Reviewer 1: Anonymous

Reviewer 2: Anonymous

Reviewer 3:

Rongyu Lin

Reviewer 4: Anonymous

Electronics 2024, 13(5), 855; https://doi.org/10.3390/electronics13050855

Submission received: 2 January 2024 / Revised: 5 February 2024 / Accepted: 6 February 2024 / Published: 23 February 2024

(This article belongs to the Special Issue New Advances in Affective Computing)

Round 1

Reviewer 1 Report

Comments and Suggestions for Authors

The authors work in the very interesting and challenging area of sarcasm detection. They focus on twitter tweet type of content and propose a new multimodal approach that considers both image and text. The proposed novelty is that they also consider a sentiment dictionary.

The paper is well written, in the sense that the scope is well defined, the approach is described to sufficient detail, the presented experiments seem to provide a fair evaluation and the claimed conclusions stem easily from the experimental results.

The value of the contribution can be summarized in Table 2, in which the proposed approach is shown to outperform a wide range of other methods, particularly the ones that are also bi-modal.

Author Response

Dear Sir/Madam,

Thank you very much for all your comments. We made substantial changes in response to your comments, and fell the quality of this paper had a great improvement as a result of updating this paper taking your suggestions. Thank you very much for your valuable comments and please check our updates in response to each comment:

Point 1: The authors work in the very interesting and challenging area of sarcasm detection. They focus on twitter tweet type of content and propose a new multimodal approach that considers both image and text. The proposed novelty is that they also consider a sentiment dictionary.

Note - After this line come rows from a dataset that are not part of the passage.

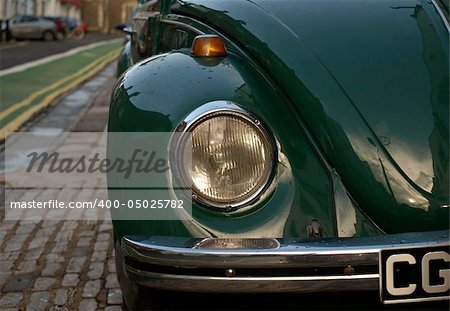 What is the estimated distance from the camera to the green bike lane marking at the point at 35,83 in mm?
8695

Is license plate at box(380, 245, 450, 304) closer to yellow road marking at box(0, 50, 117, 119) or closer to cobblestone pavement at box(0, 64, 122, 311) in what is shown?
cobblestone pavement at box(0, 64, 122, 311)

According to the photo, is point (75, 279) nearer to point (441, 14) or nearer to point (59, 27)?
point (441, 14)

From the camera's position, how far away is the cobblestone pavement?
2941 mm

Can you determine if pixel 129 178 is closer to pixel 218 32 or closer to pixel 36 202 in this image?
pixel 218 32

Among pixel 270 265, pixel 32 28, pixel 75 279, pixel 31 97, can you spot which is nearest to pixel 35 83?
pixel 31 97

Response 1: Thank you for recognizing our work. We will continue to conduct more in-depth research in our future work.

Point 2: The paper is well written, in the sense that the scope is well defined, the approach is described to sufficient detail, the presented experiments seem to provide a fair evaluation and the claimed conclusions stem easily from the experimental results.

Response 2: Thank you for recognizing our work. We will continue to conduct more in-depth research in our future work.

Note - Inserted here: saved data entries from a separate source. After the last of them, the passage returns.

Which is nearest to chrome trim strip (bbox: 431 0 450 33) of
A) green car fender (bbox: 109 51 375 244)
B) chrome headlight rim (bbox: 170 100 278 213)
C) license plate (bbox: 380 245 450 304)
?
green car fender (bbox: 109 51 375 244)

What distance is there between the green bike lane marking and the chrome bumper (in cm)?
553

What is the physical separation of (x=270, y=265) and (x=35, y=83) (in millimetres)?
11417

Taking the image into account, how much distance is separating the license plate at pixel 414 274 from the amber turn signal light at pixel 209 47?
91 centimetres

Point 3: The value of the contribution can be summarized in Table 2, in which the proposed approach is shown to outperform a wide range of other methods, particularly the ones that are also bi-modal.

Response 3: Thank you for recognizing our work. We will continue to conduct more in-depth research in our future work.

Reviewer 2 Report

Comments and Suggestions for Authors

1. In Lines 160-161, where does the testing multimodal dataset come from? Did the authors collect it by some API? Or did the authors obtain this dataset from previous studies?

2. Where is the ground truth data confirming whether the test/training/val tweet is sarcastic?

3. Table 2 says the "image+text" approaches typically outperform the "image" or "text" alone approaches in detecting sarcasm in multimodal content. However, the authors did not mention the availability/accessibility of such multimodal content. For example, what is the percentage of "image+text" content available compared to the whole Tweet dataset during a specific period? The authors might need more clarification on this validity issue.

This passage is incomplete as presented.